Exercise — The required answer is an exact copy of every line from the beginning of the entries through the line with "HOME DELUXE - Polsterstuhl", with all pictures omitted.

=== Source material ===

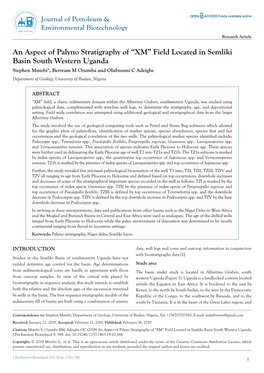 Field Located in Semliki Basin South Western Uganda Stephen Mutebi*, Bertram M Ozumba and Olubunmi C Adeigbe Department of Geology, University of Ibadan, Nigeria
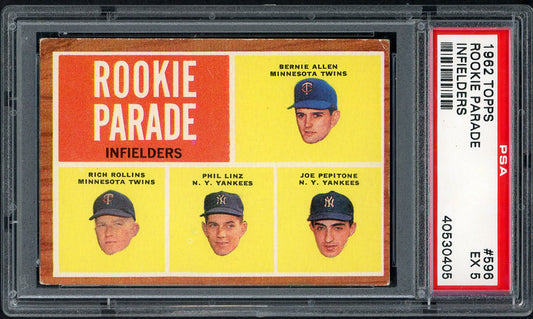 1962 Topps Baseball #596 Joe Pepitone Yankees PSA 5 EX 555079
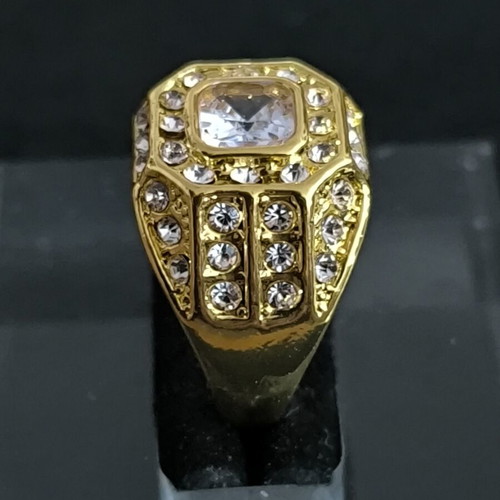 Men's Gold Tone Ring with White Stones new fashion jewelry
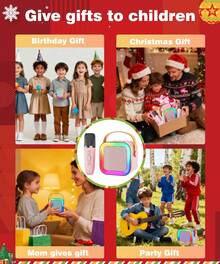 Mini altavoz de karaoke, adecuado para niños y adultos, Bluetooth portátil, 1-2 micrófonos inalámbricos, regalo de Navidad y cumpleaños para niñas y niños de 4, 5, 6, 7, 8, 9, 10, 11, 12+ años (rosa - 2 micrófonos). - Rosa - 2 Mic - Ver 10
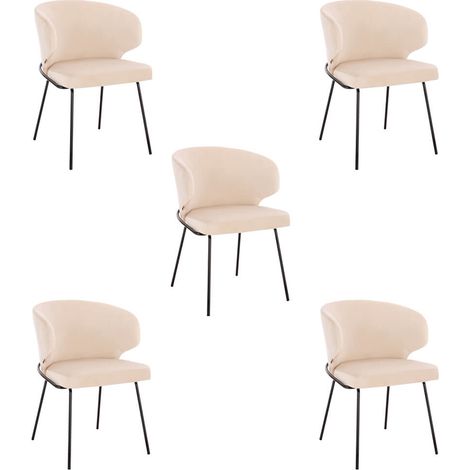 HOME DELUXE - Polsterstuhl AMARA- 5 Stück, Farbe: Samt Beige - weiche Polsterung, bis 120 kg belastbar I Küchenstuhl Speisestühle Esszimmerstühle  Stuhl Polsterstuhl Esszimmerstuhl Esszimmerstühle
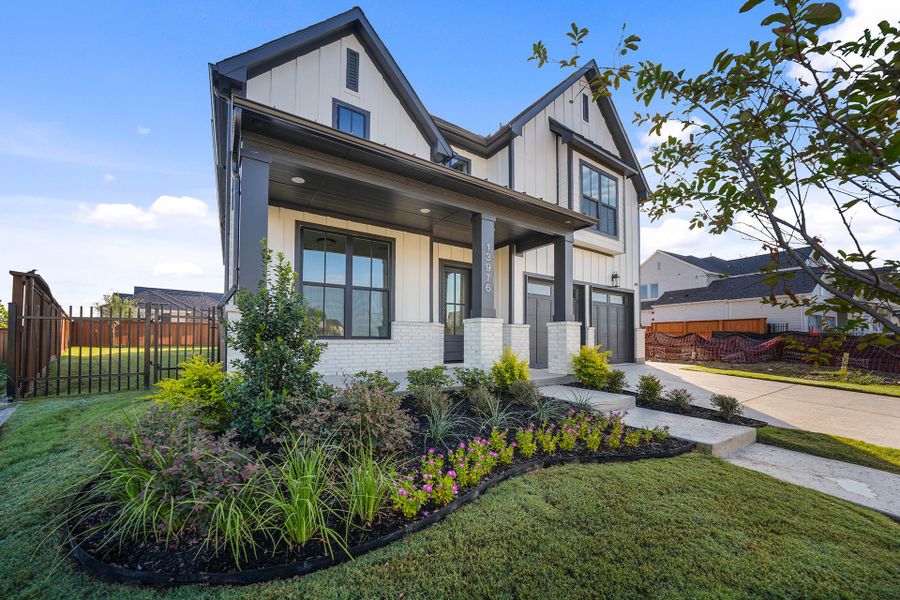 Front exterior of a new home in Fields - 50' Lots, Frisco, TX, highlighting curb appeal (Image 23). Front exterior of a new home in Fields - 50' Lots, Frisco, TX, highlighting curb appeal (Image 23).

===

Answer to this task —
 Field Located in Semliki Basin South Western Uganda Stephen Mutebi*, Bertram M Ozumba and Olubunmi C Adeigbe Department of Geology, University of Ibadan, Nigeria
 1962 Topps Baseball #596 Joe Pepitone Yankees PSA 5 EX 555079
 Men's Gold Tone Ring with White Stones new fashion jewelry
 Mini altavoz de karaoke, adecuado para niños y adultos, Bluetooth portátil, 1-2 micrófonos inalámbricos, regalo de Navidad y cumpleaños para niñas y niños de 4, 5, 6, 7, 8, 9, 10, 11, 12+ años (rosa - 2 micrófonos). - Rosa - 2 Mic - Ver 10
 HOME DELUXE - Polsterstuhl AMARA- 5 Stück, Farbe: Samt Beige - weiche Polsterung, bis 120 kg belastbar I Küchenstuhl Speisestühle Esszimmerstühle  Stuhl Polsterstuhl Esszimmerstuhl Esszimmerstühle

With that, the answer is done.